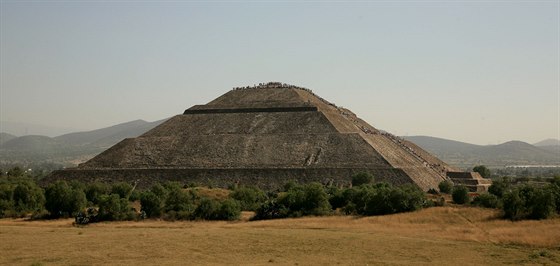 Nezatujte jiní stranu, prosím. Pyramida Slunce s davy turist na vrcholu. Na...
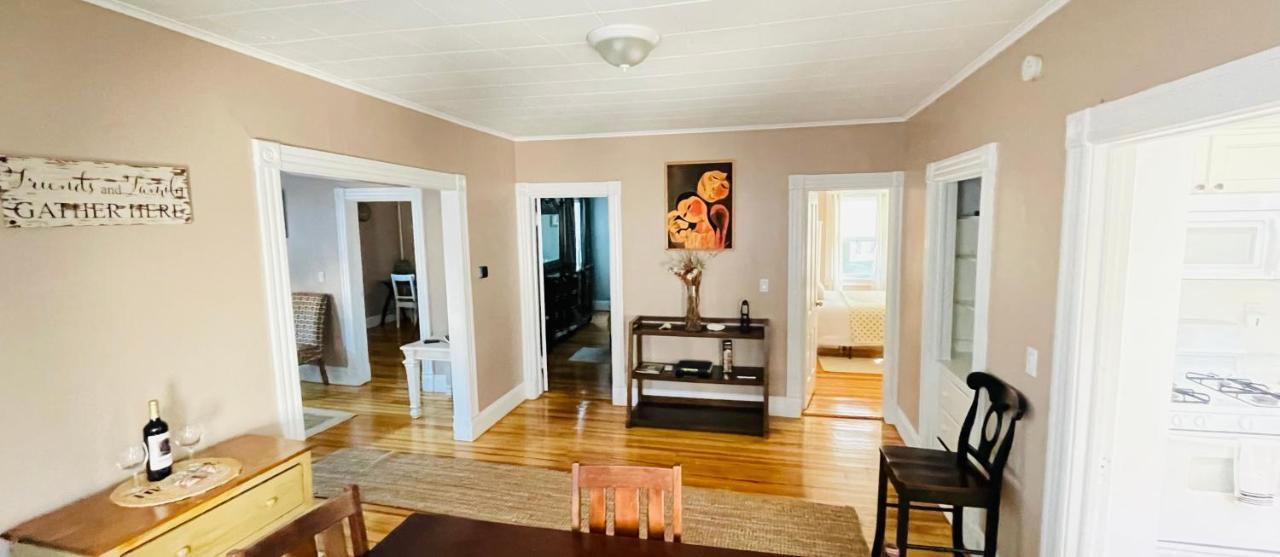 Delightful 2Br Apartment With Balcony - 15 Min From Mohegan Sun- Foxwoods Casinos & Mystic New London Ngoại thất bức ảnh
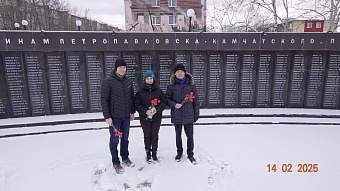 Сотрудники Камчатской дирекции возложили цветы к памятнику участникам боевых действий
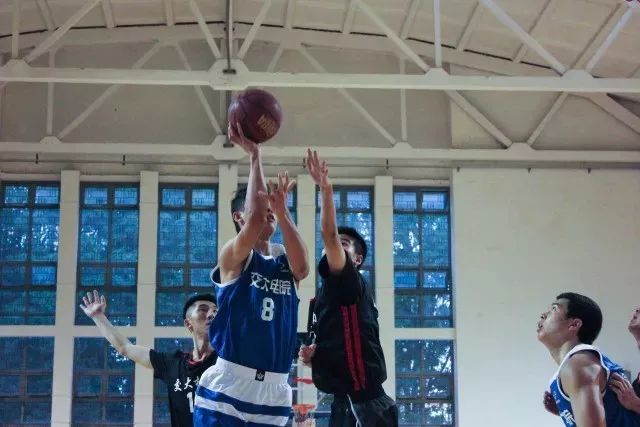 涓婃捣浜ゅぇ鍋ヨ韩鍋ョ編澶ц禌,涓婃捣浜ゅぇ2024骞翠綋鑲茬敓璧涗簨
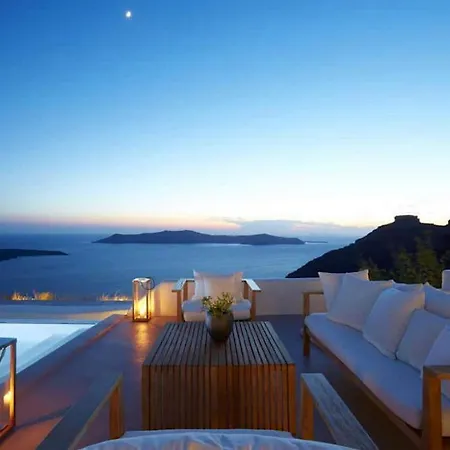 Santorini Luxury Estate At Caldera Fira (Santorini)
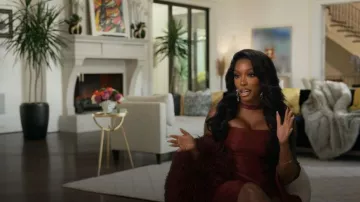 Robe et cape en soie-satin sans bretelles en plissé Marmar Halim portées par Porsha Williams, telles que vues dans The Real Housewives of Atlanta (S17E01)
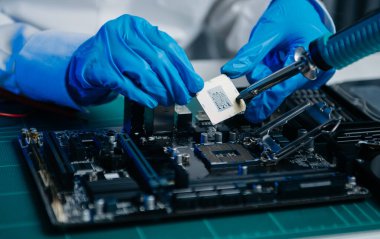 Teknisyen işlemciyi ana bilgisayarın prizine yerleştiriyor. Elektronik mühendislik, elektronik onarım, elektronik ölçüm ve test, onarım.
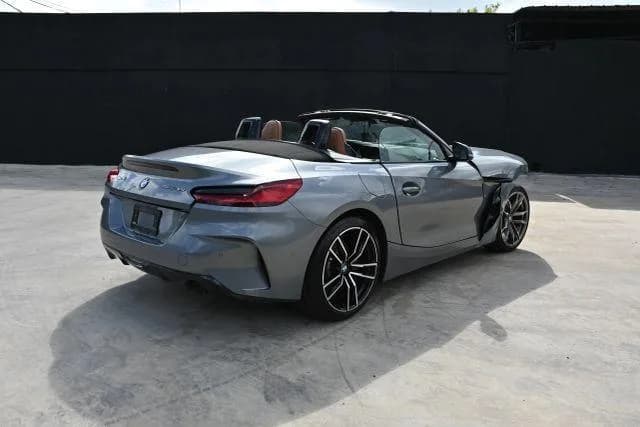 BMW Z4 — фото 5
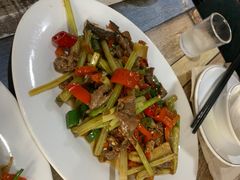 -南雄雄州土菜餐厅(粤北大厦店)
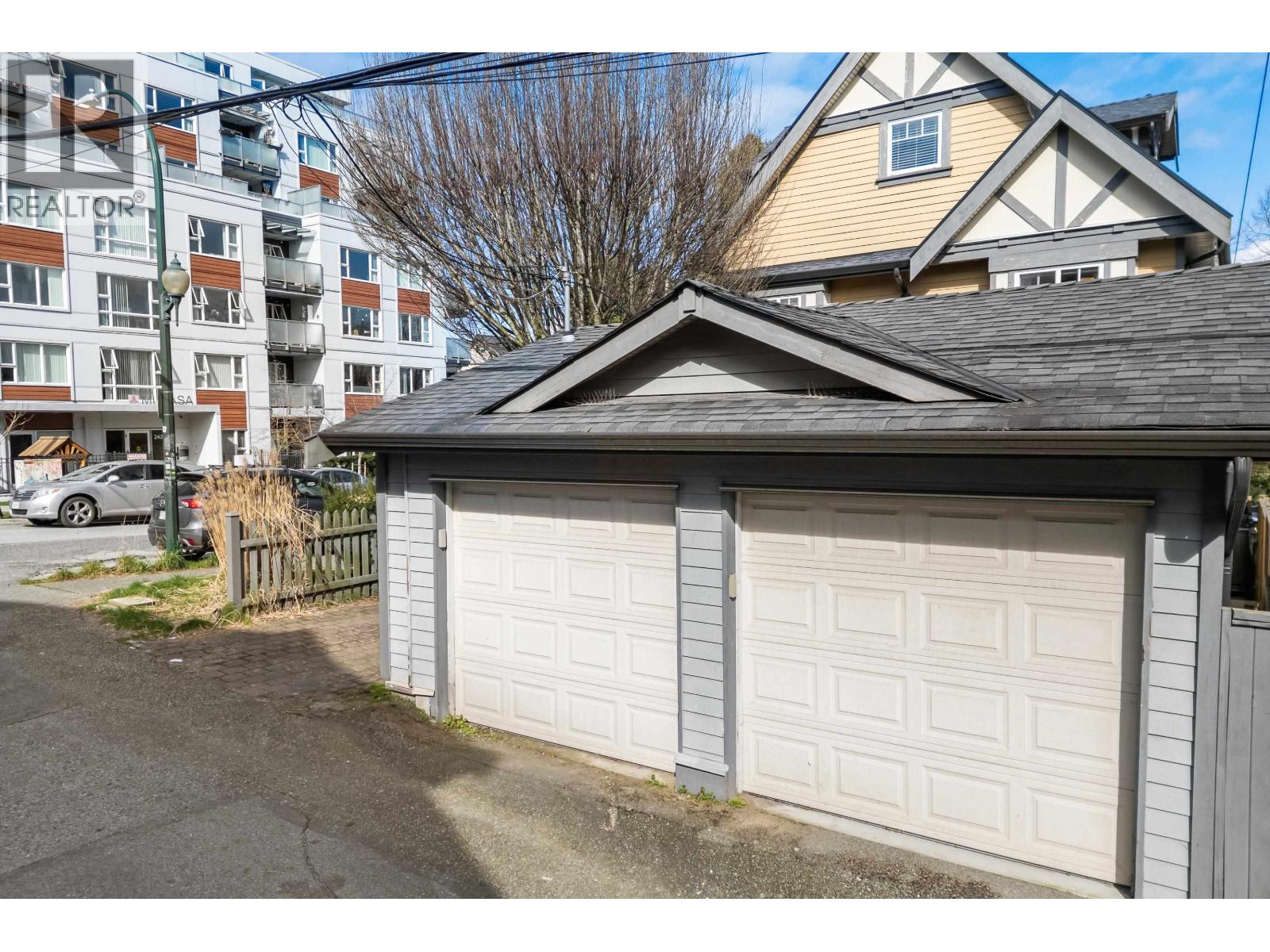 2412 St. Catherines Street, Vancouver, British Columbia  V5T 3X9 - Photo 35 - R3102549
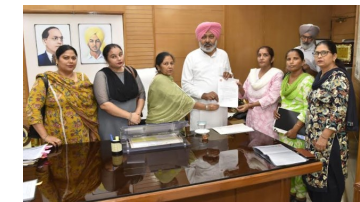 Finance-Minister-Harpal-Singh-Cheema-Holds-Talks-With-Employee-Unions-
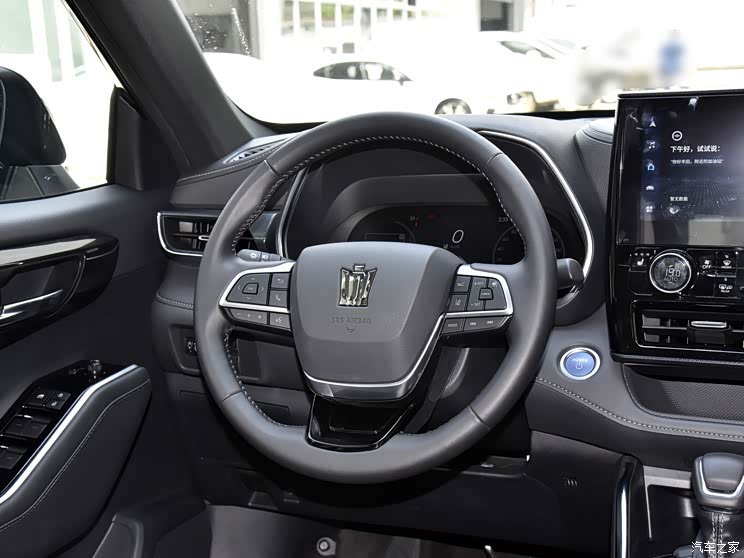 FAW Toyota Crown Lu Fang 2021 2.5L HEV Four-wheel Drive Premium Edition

------------------------------

Problem details: Please quote the records above exactly, beginning at the line that contains "BMW Z4 — фото 5" and ending at their last line. Leave the pictures out.

Exercise result:
 BMW Z4 — фото 5
 -南雄雄州土菜餐厅(粤北大厦店)
 2412 St. Catherines Street, Vancouver, British Columbia  V5T 3X9 - Photo 35 - R3102549
 Finance-Minister-Harpal-Singh-Cheema-Holds-Talks-With-Employee-Unions-
 FAW Toyota Crown Lu Fang 2021 2.5L HEV Four-wheel Drive Premium Edition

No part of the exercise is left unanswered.